Конрад Джозеф
Предисловие к коротким рассказам
Джозеф Конрад
Предисловие к коротким рассказам
Перевод: И.М.Левидова
Не без больших сомнений отнесся я к мысли об издании тома избранных моих рассказов. Настолько велики были эти сомнения, что они даже побудили меня предпринять опасную попытку раскрытия тех чувств, с которыми я приступаю к этому пояснительному предисловию. Сомнения мои, надо сказать, носят сугубо личный характер, в том смысле, что они коренятся глубоко в личных моих свойствах и не очень-то легко донести их даже до таких хороших друзей, каких мне посчастливилось найти в лице американских читателей. Глубокие, сложные (а порой даже противоречивые) чувства, составляющие основу отношения писателя к собственному творчеству, - достаточно реальная вещь, и все же они могут быть, и часто являются, не более, чем отражением взлелеянных им иллюзий. Хрупкие растения - вы согласитесь с этим, выносящие только укромную тень одиноких размышлений. Драгоценные, быть может? Да. Но, по самой своей природе, драгоценные лишь для одного человека, в уме (или сердце) которого они пустили свои корни.

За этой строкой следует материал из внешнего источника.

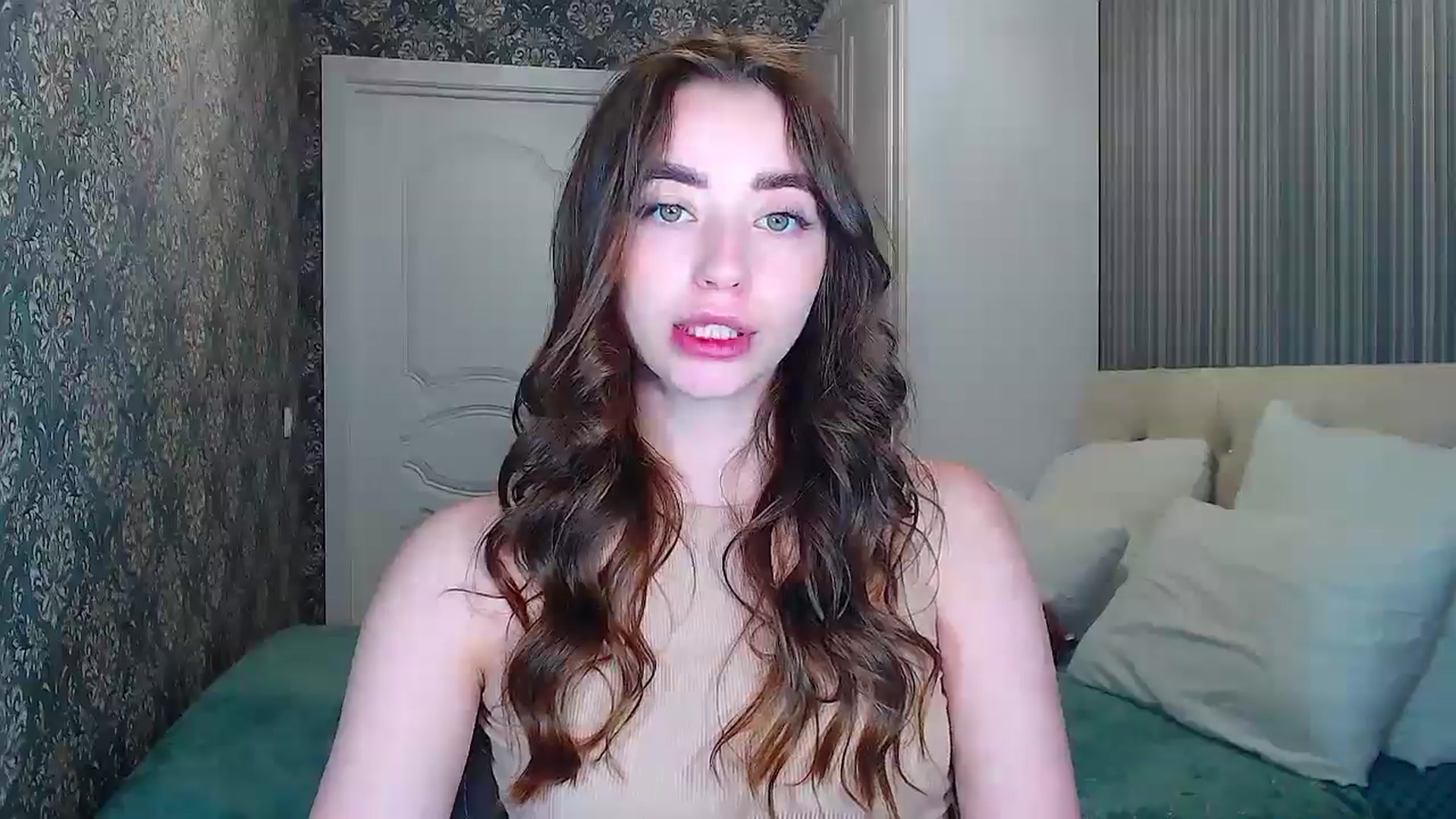 Gallery image thumbnail from EmeraldLilyyy's myfreecams stream on, 05/19/2024, 15:18 image 10 of 20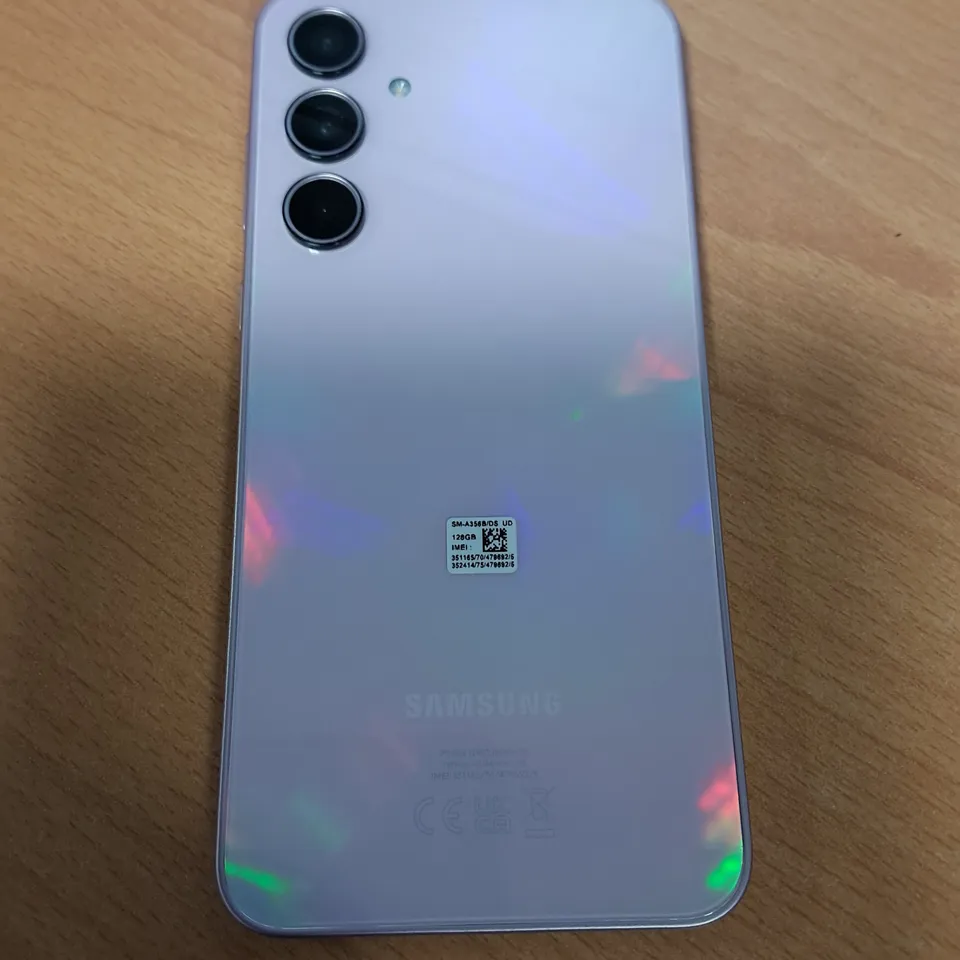 BOXED SAMSUNG GALAXY A35 5G 128GB IN LAVENDER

Казалось бы, эти соображения способны убедить любого автора раз навсегда отказаться от любых предисловий; однако во мне живет неискоренимое подозрение, что в этой жизни, являющейся, как говорят некоторые философы, всего лишь сменой \"обманчивых видений\", сами иллюзии наши должны иметь практический смысл. Разве не характеризуют они человека в той же мере, как, скажем, его взгляды или черты его лица? Фактически, они даже опаснее, так как, меньше поддаваясь контролю, вернее обнаруживают истинный облик человека.
Но все же - не знаю, послужило ли тут причиной мое природное бесстыдство, благоприобретенная бесчувственность, или врожденная вера в доброту человеческой натуры, - эта тревожная мысль не помешала мне написать за последние годы множество очень откровенных предисловий, за которые меня пока что еще никто не призывал к ответу. По крайней мере ни один разъяренный посетитель с дробовиком в руках еще не являлся ко мне с требованием прекратить это занятие. Ободренный этим обстоятельством, я отваживаюсь еще па одну чистосердечную исповедь.
Хочу начать с утверждения, что вне всякой зависимости от непосредственности и стихийности первоначального импульса ни один из моих рассказов, часть которых отобрана для настоящего сборника, не был написан без долгой и сознательной работы не только над вопросами стиля, но и над связями рассказа с действительной жизнью, какой я ее знал, без размышлений о природе моего восприятия того или иного события и всего, что мне довелось увидеть и испытать.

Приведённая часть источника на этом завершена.